[Records from a data source]
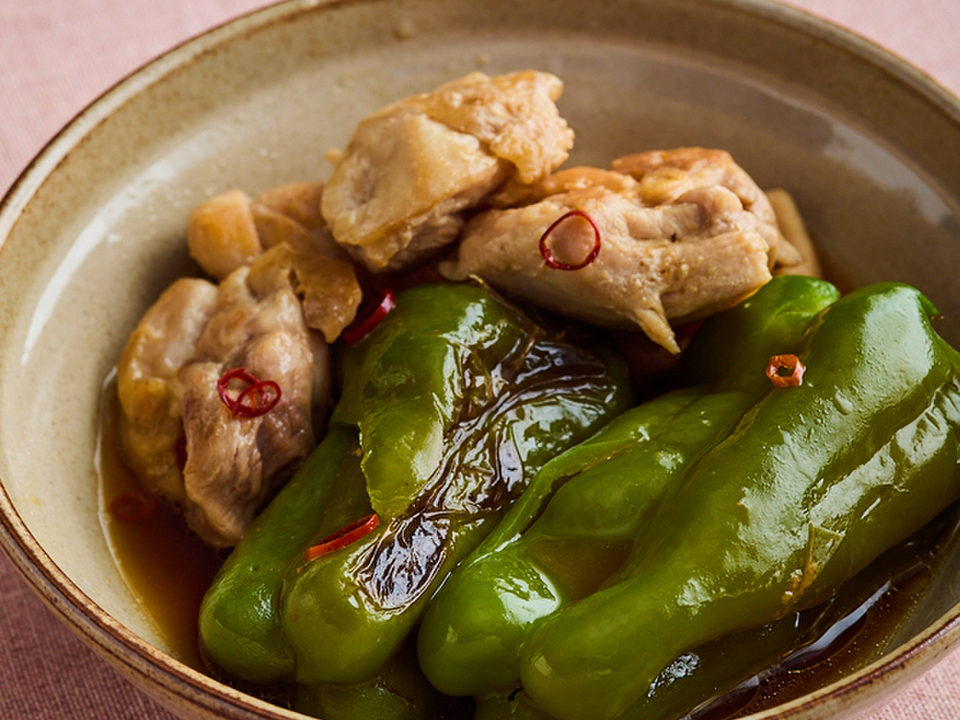 鶏肉とピーマンの煮物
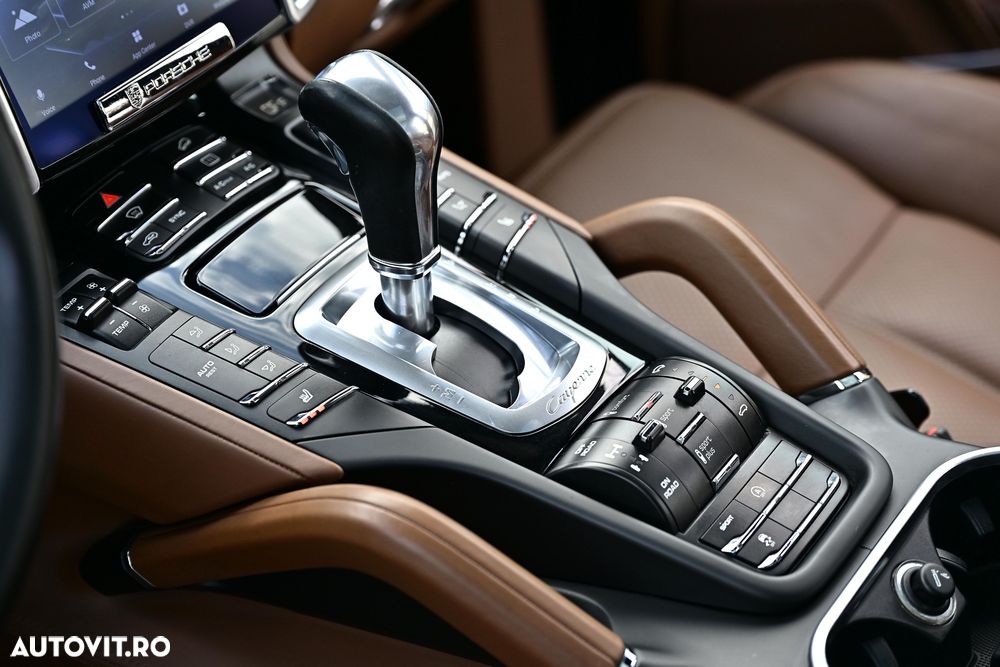 Porsche Cayenne 3.0 L - 13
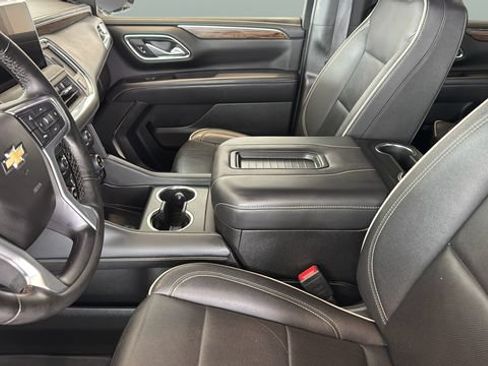 Used 2024 Chevrolet Suburban Premier w/ Max Trailering Package AWD/4WD image 19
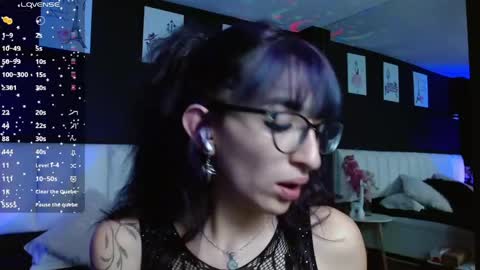 Meredith Alessandra online show from April 30, 4:06 am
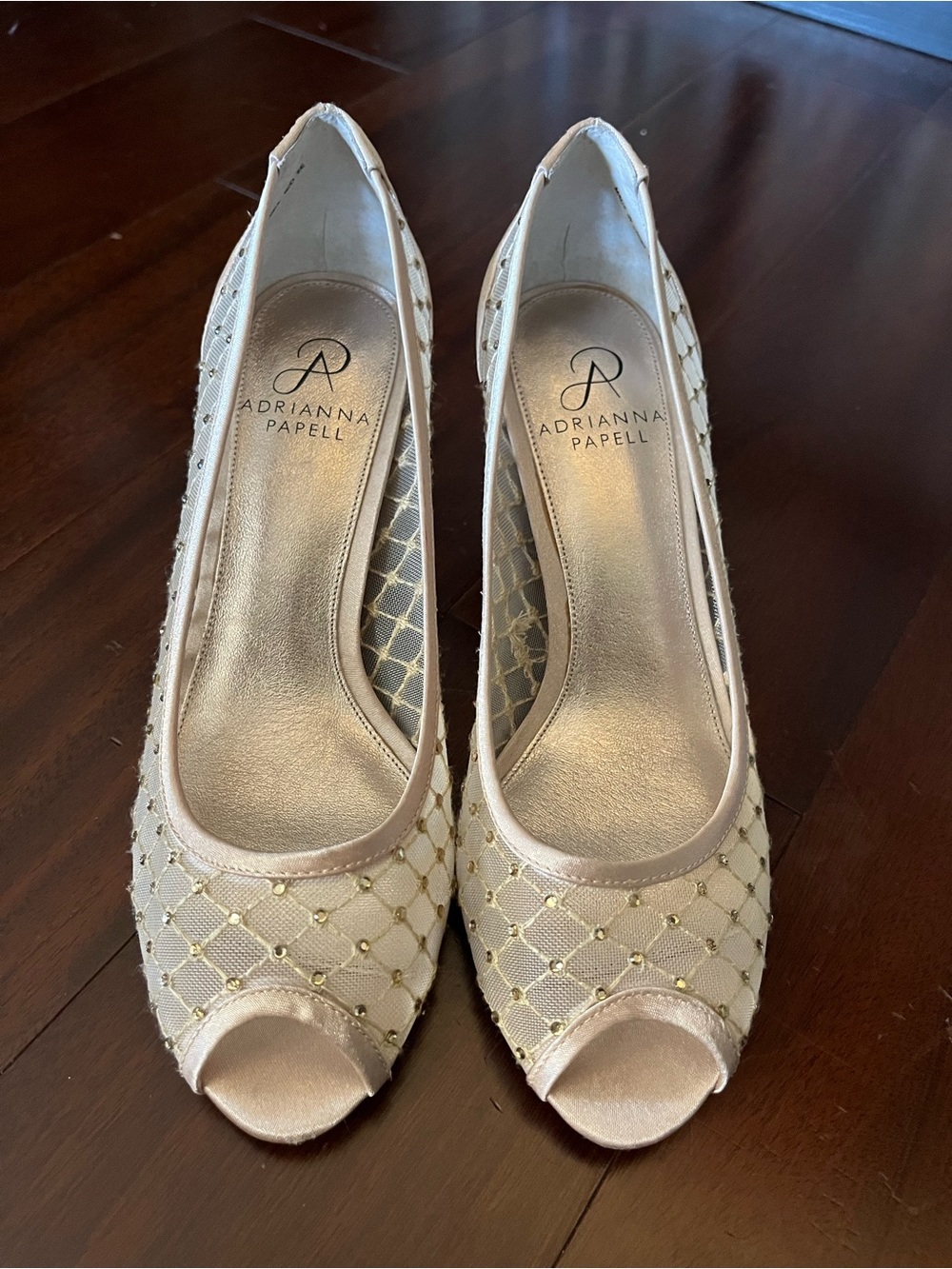 Adrianna Papell gold sparkle mesh pumps heels wedding classic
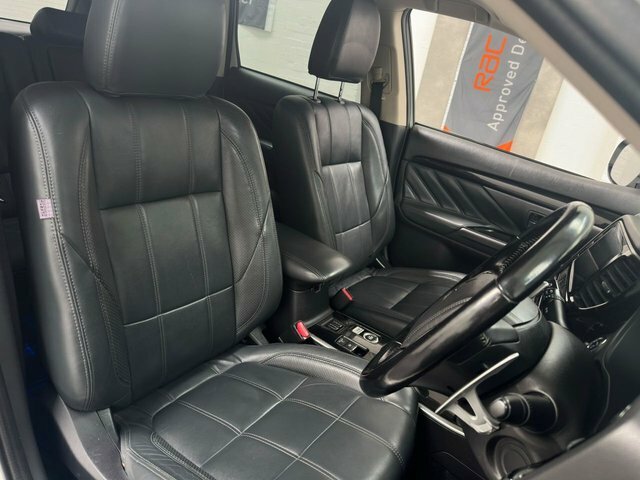 Mitsubishi Outlander 2.0H 12Kwh 4Hs Cvt 4Wd Euro 6 Ss Black #33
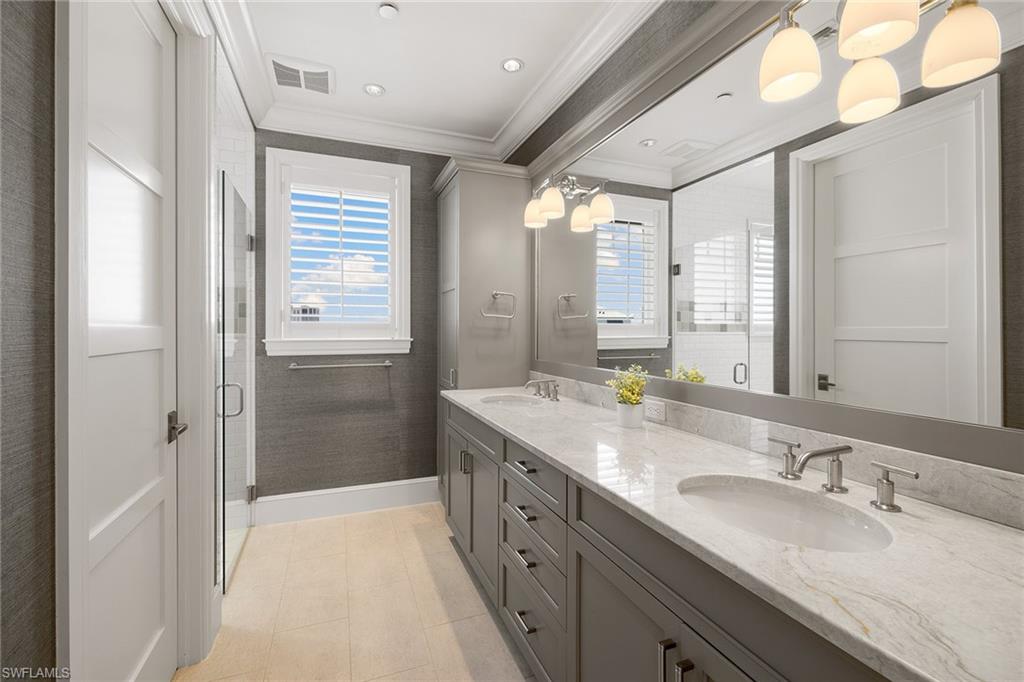 BAREFOOT BEACH - Residential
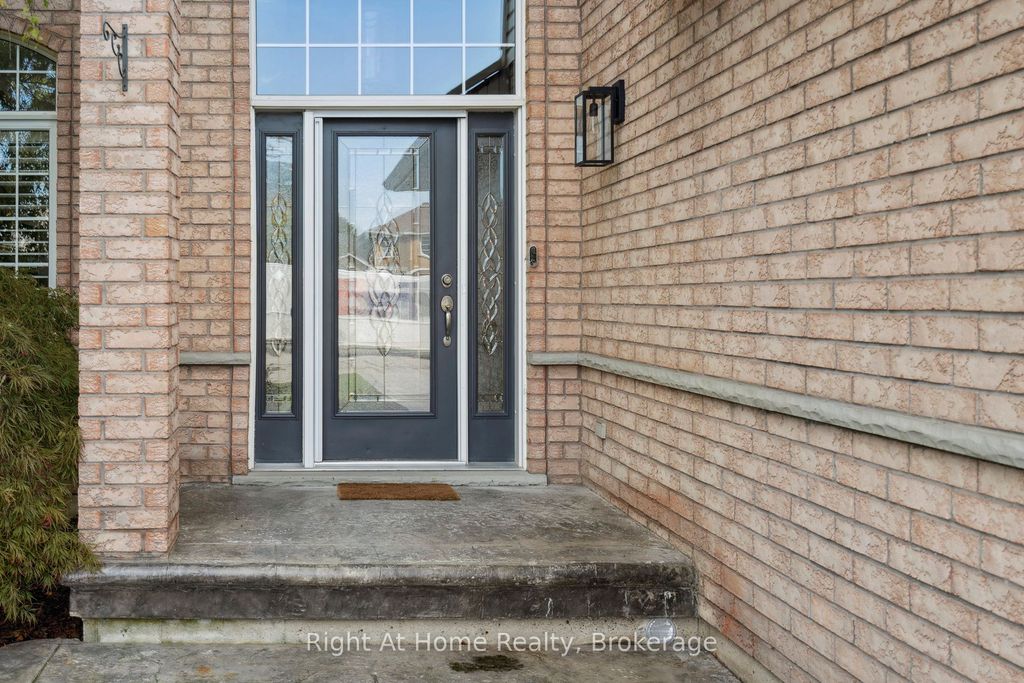 Photo of 20 Scottswood Lane, Haldimand, ON N3W 2M4 (MLS # X12635628)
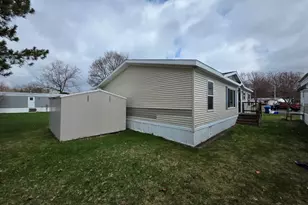 219 Circle Dr, Fremont, MI 49412 - Photo 4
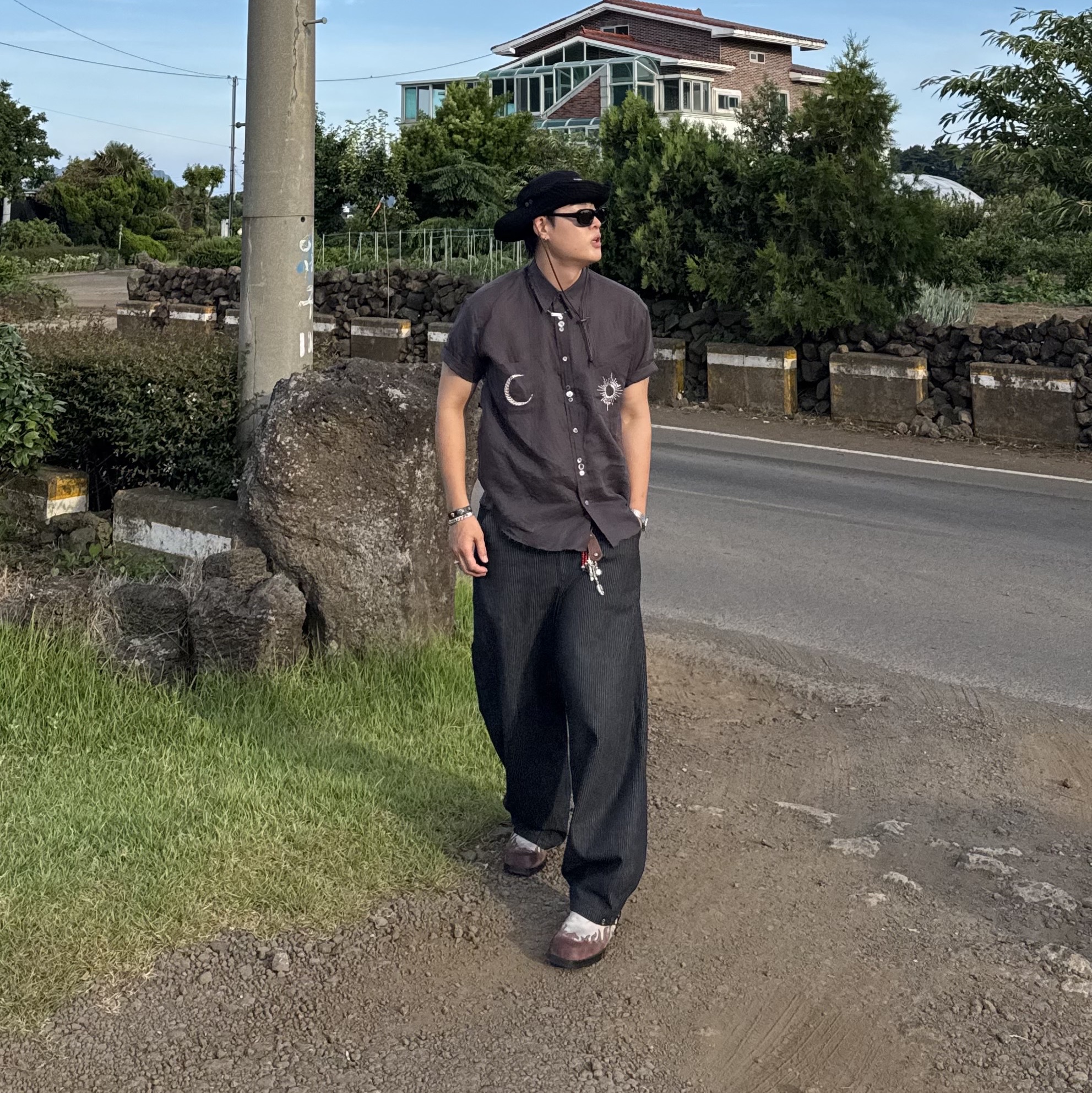 Ogarp Signature Concho Keychain Ver.2, Ogarp Concho Wrist Belt Black 착용 스타일 - 3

**Task instructions:**
Quote the lines above exactly, starting with the one that has "Used 2024 Chevrolet" and ending with the one that has "Mitsubishi Outlander 2.0H"; drop the pictures and include nothing else.

**Solution to this task:**
 Used 2024 Chevrolet Suburban Premier w/ Max Trailering Package AWD/4WD image 19
 Meredith Alessandra online show from April 30, 4:06 am
 Adrianna Papell gold sparkle mesh pumps heels wedding classic
 Mitsubishi Outlander 2.0H 12Kwh 4Hs Cvt 4Wd Euro 6 Ss Black #33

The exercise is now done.